TASK OBJECTIVE — In the records below, repeat exactly the lines between the line holding "Apartamento à venda" and the line holding "ولي العهد الأردني", inclusive, and drop the pictures.

DATA FOR REVIEW —
◆ ◆ ◆

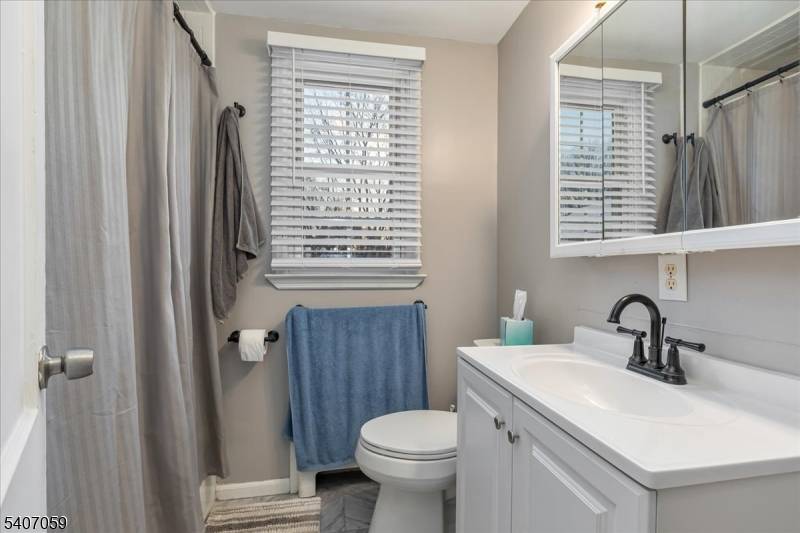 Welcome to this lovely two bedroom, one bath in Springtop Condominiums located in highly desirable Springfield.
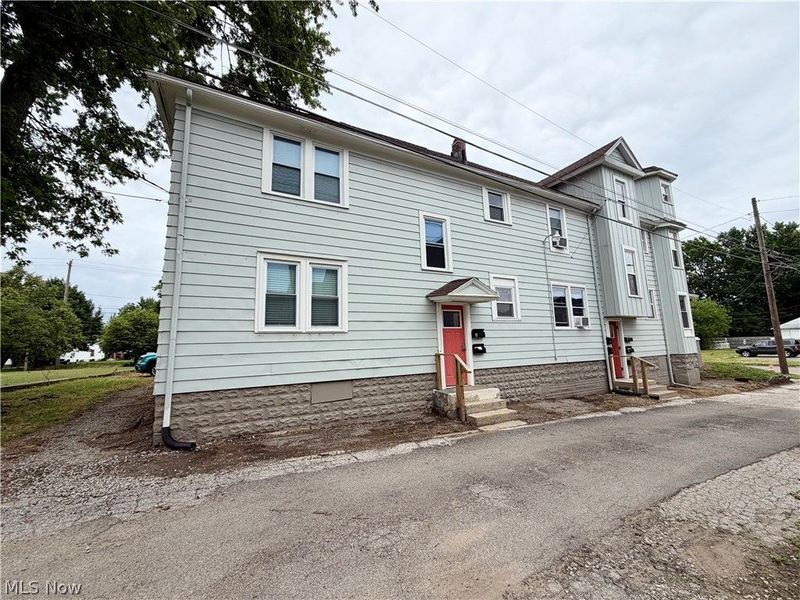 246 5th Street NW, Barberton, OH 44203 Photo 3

◆ ◆ ◆

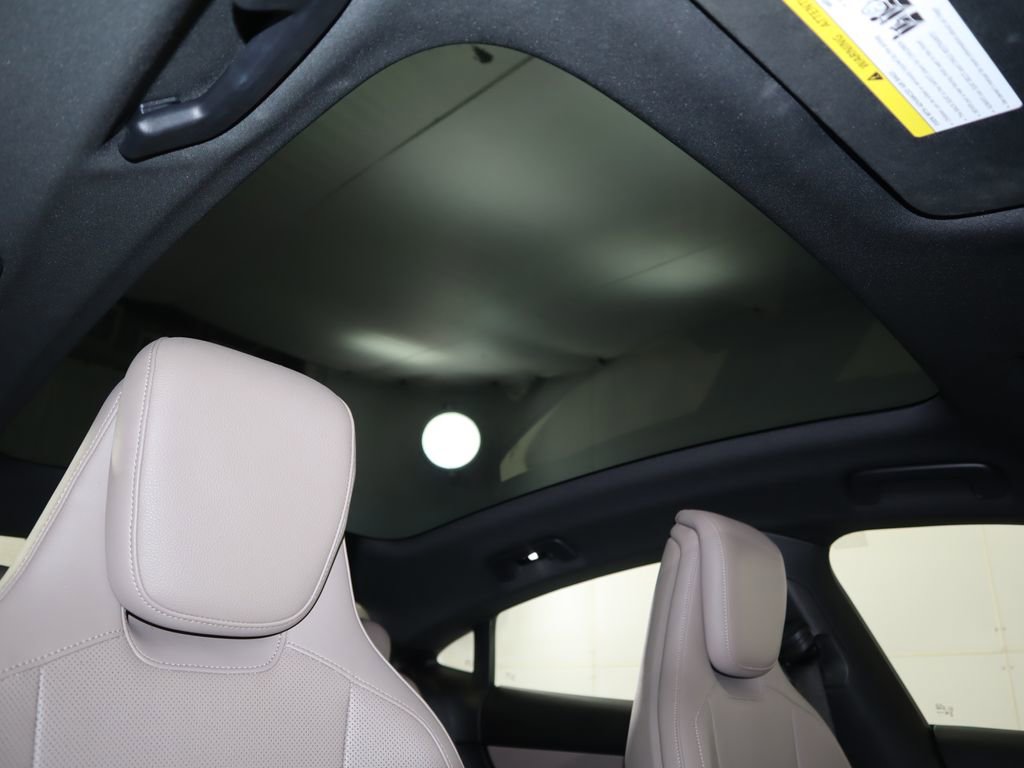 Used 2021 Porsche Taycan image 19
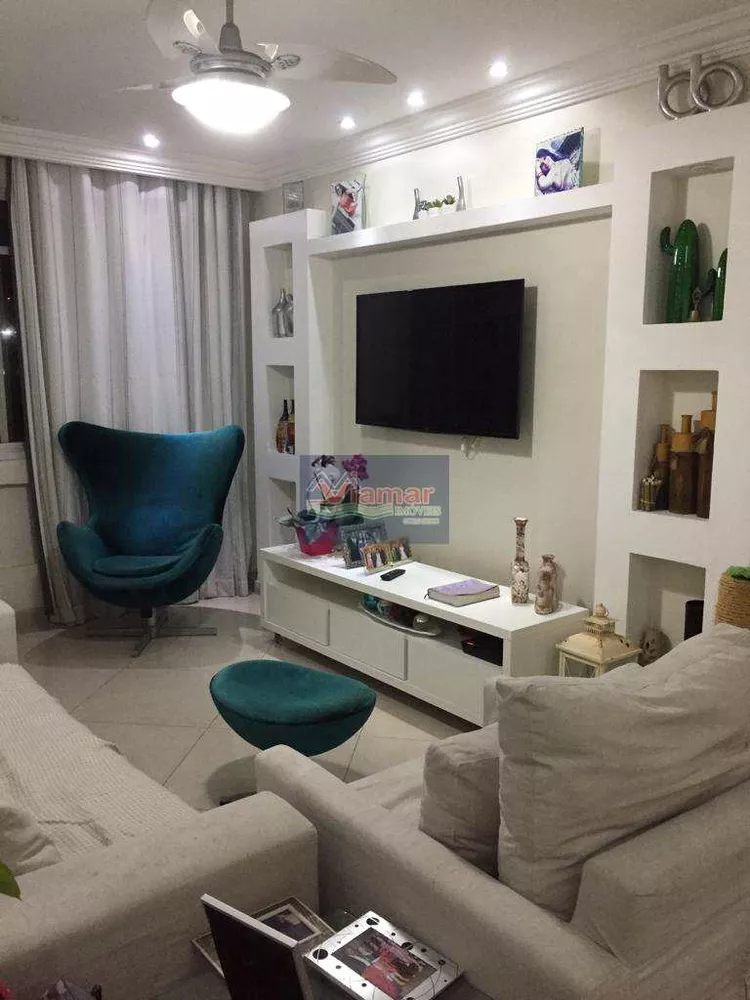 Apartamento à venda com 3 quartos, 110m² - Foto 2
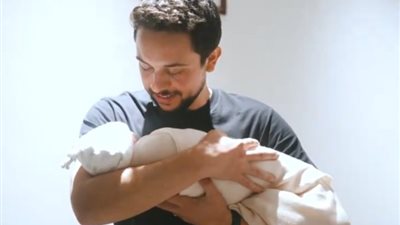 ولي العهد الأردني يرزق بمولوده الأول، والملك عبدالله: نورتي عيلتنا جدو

◆ ◆ ◆

TASK OUTPUT —
 Apartamento à venda com 3 quartos, 110m² - Foto 2
 ولي العهد الأردني يرزق بمولوده الأول، والملك عبدالله: نورتي عيلتنا جدو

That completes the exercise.